- Musita Map of Uganda showing location of Musita
- Coordinates: 00°31′40″N 33°23′05″E﻿ / ﻿0.52778°N 33.38472°E
- Country: Uganda
- Region: Eastern Region of Uganda
- Sub-region: Busoga sub-region
- Districts: Mayuge District
- Elevation: 1,195 m (3,921 ft)
- Time zone: UTC+3 (EAT)

= Musita =

Musita is a town in Mayuge District, in the Eastern Region of Uganda.

==Location==
Musita is in Mulingirire parish, Baitambogwe sub-county. It is approximately 16 km, by road, west of Iganga, the nearest large town. This is approximately 25 km northeast of Jinja, the largest city in the Busoga sub-region.

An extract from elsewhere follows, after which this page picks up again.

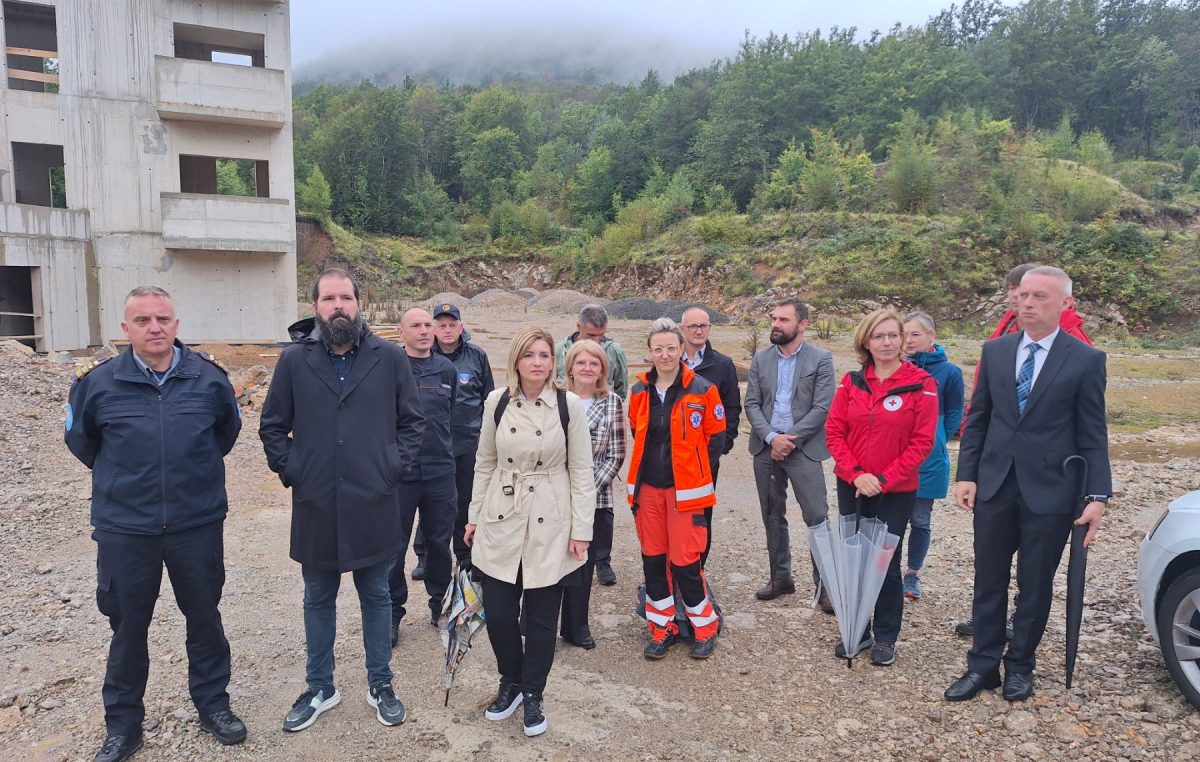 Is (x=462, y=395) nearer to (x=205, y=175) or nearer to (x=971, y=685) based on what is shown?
(x=971, y=685)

Musita is about 107 km, by road, east of Kampala, the capital and largest city of Uganda. The coordinates of the Musita are 0°31'40.0"N 33°23'05.0"E (Latitude:0.527778; Longitude:33.384722).

==Overview==
The 104 km Musita–Mayuge–Lumino–Majanji–Busia Road makes a T-junction with the Jinja–Iganga Road (A-109) in the center of Musita town. The central market in Musita had over 1,500 traders in February 2015.